### YOUR GOAL
In the data, find each line where the word "para" appears and list that line.

(SOURCE DATA Opens)

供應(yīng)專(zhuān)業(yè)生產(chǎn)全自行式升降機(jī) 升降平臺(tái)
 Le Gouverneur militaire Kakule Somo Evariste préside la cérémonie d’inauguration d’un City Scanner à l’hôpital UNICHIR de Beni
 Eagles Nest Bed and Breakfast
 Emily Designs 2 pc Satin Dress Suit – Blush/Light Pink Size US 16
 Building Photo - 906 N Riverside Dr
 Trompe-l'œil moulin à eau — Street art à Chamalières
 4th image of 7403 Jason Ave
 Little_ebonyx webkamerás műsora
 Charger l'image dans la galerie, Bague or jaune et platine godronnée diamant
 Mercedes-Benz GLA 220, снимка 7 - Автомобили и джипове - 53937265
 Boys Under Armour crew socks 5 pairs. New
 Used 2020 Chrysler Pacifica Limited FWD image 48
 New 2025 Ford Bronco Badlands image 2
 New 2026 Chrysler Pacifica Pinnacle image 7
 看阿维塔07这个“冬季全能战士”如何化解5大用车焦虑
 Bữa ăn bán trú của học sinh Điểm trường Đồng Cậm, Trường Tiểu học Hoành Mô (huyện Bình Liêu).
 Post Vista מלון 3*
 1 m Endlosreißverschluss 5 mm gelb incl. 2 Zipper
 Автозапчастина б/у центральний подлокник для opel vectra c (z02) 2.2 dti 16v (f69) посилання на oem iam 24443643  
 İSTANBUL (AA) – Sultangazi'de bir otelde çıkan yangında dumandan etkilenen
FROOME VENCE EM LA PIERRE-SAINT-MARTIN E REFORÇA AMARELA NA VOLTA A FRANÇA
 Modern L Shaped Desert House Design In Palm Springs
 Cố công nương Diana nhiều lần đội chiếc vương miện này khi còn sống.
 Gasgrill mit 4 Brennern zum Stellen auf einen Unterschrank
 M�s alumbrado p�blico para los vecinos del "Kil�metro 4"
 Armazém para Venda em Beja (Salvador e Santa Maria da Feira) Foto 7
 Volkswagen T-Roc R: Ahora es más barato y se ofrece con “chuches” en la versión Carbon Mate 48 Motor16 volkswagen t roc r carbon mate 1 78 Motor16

(SOURCE DATA Closes)

### SOLUTION TO THIS EXERCISE
 M�s alumbrado p�blico para los vecinos del "Kil�metro 4"
 Armazém para Venda em Beja (Salvador e Santa Maria da Feira) Foto 7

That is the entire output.